Although this subject has been discussed many times, I still find myself get too confused with it.
I have this simple code sample:
public class FruitFactory {
public static Apple getApple() {
return new Apple();
}
public static Banana getBanana() {
return new Banana();
}
public static Orange getOrange() {
return new Orange();
}
}
Factory
type this code is? and is it a proper writing of factory methods
?If I expose my client to some of the creation complexity like as the example below, is it a bad factory implementation?
public static Orange getOrange(String weight, String size,) {
return new Orange(weight, size);
}
As it is said, a factory is merely an abstraction where object creation implementation is intentionally encapsulated behind the factory's public interface. A factory does not have to be a class, it does not have to be a package -- different languages achieve encapsulation of state and behavioral details differently (consider closures, for instance).
A function in a language that allows "top-level" functions, can be a factory as well:
public Orange growNewOrange(String weight, String size) {
/// ...traditionally not callers concern.
}
If the factory hides creation code behind a way for you to use it without concerning yourself with said creation code for each created object, you already have a useful isolation (between getting new objects and that which manages them) that solves the problem the factory pattern was designed to solve.
There are factories that are designed to create and manage one kind of objects and then there are those that create and manage multiple kinds of objects.
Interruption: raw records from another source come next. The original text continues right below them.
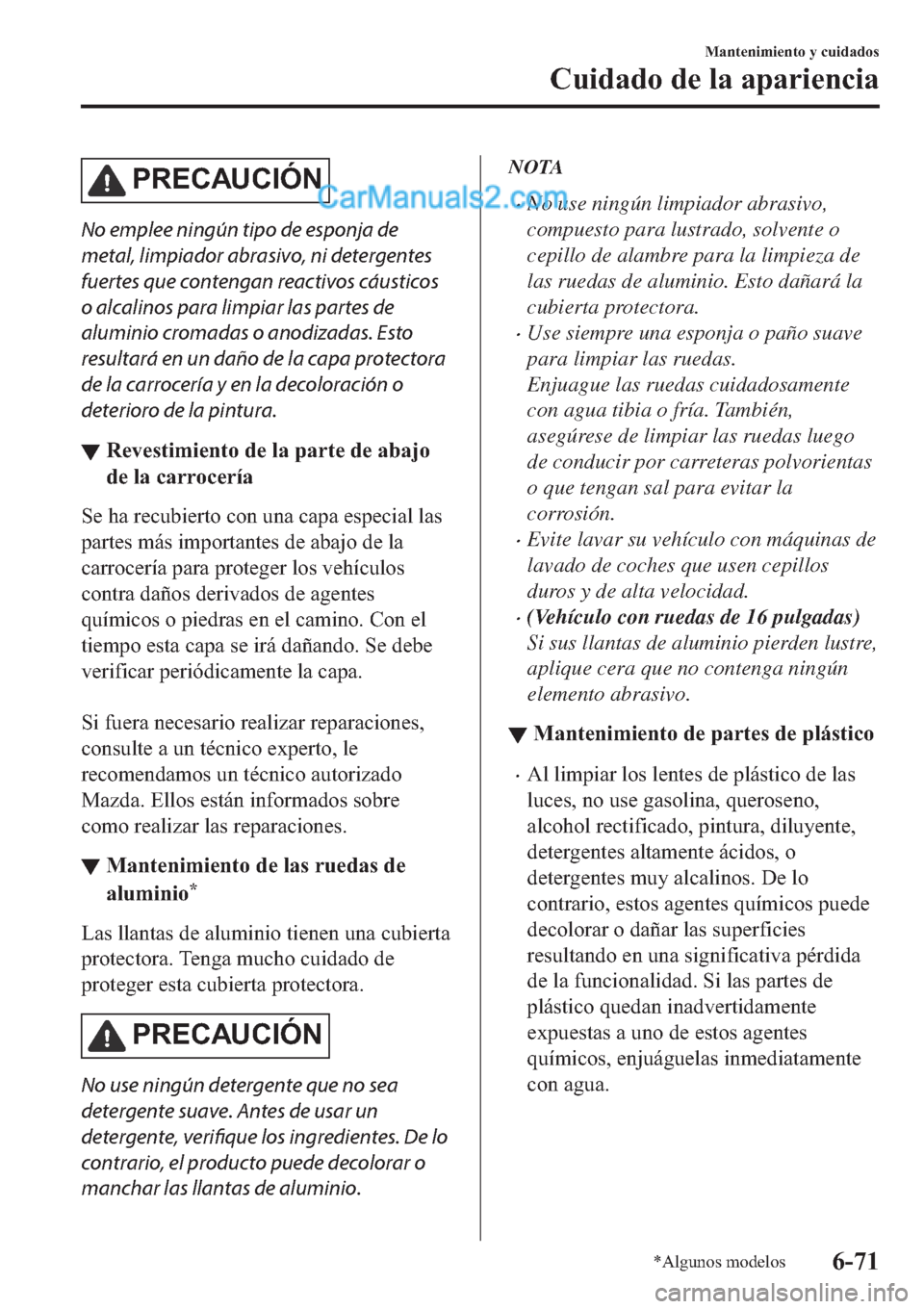 MAZDA MODEL 2 2019  Manual del propietario (in Spanish) �3�5�(�&�$�8�&�,�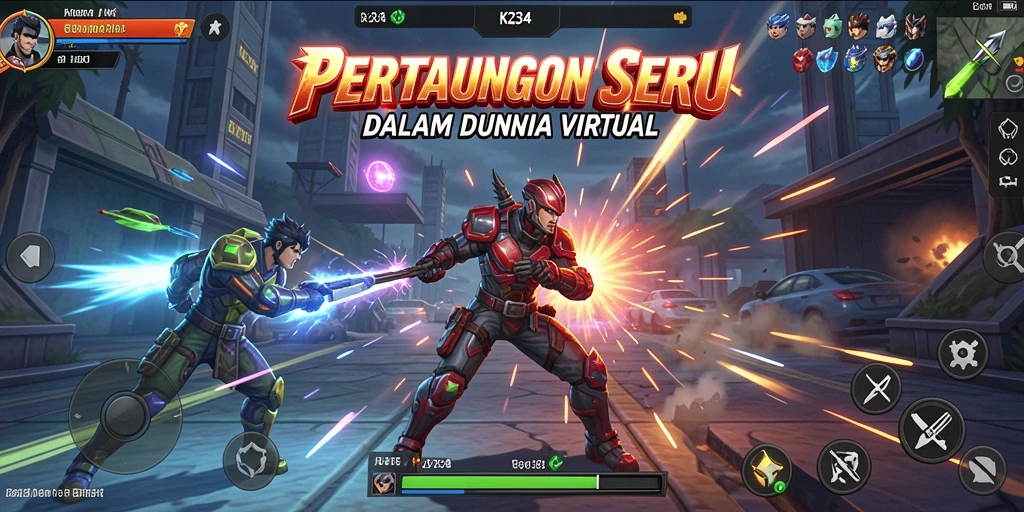 Tampilan menarik dari gameplay K234 yang memukau dan mendebarkan.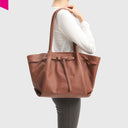 LES VISIONNAIRES BONNIE GRANDE ESSENTIAL SOFT GRAINY Shopper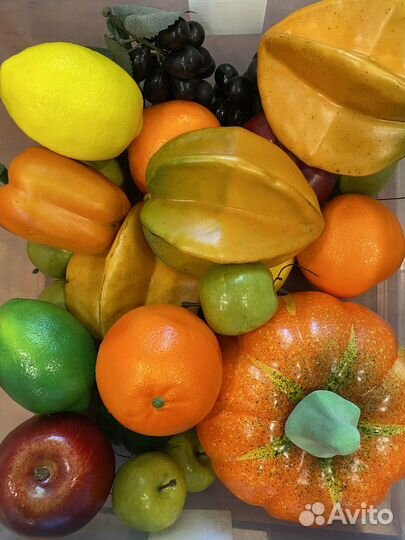 Фрукты и овощи искуственные муляж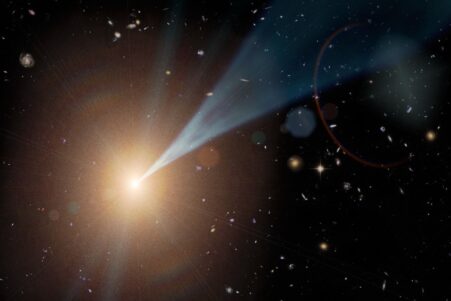 radiogalaxie reclassification blazar direction terre couv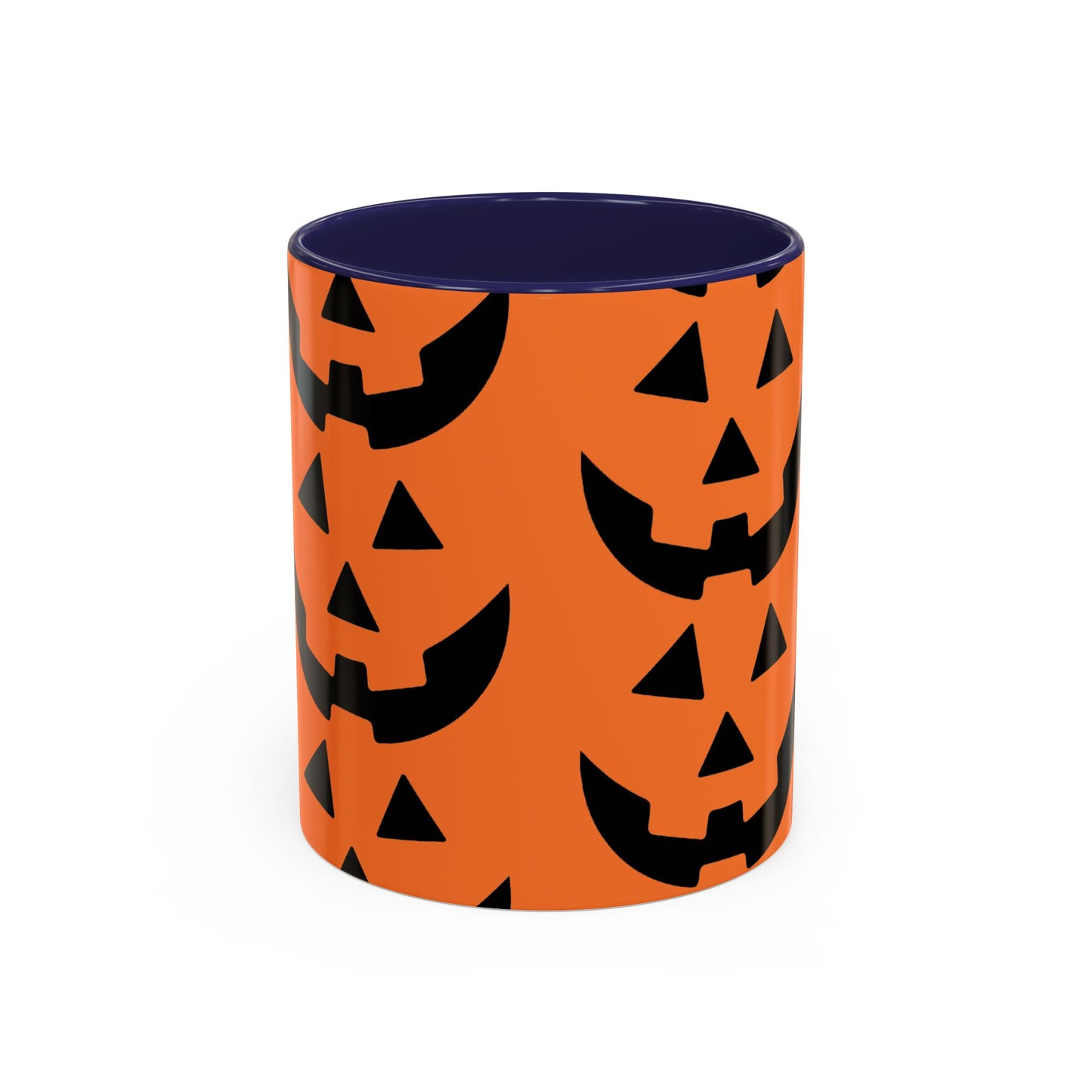 Traditional Jack-o'-Lantern Accent Coffee Mug (11, 15oz)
A fruit factory where you can specify the concrete class of fruit you want, still matches a valid factory pattern.
Categorizing factory implementations into "types" is done by various OOP authors, and may be useful for various good reasons, but this is not essential to be able to utilize the general idea to your advantage.
The immediately useful advice would be encapsulate creation code in a Java package or class, where specifying parameters of a created object is done on a per-object basis, while factory state controlling creation logic -- for instance size of reused object pool etc -- is set up during factory creation itself. Object pools are one of the examples of factory pattern at work.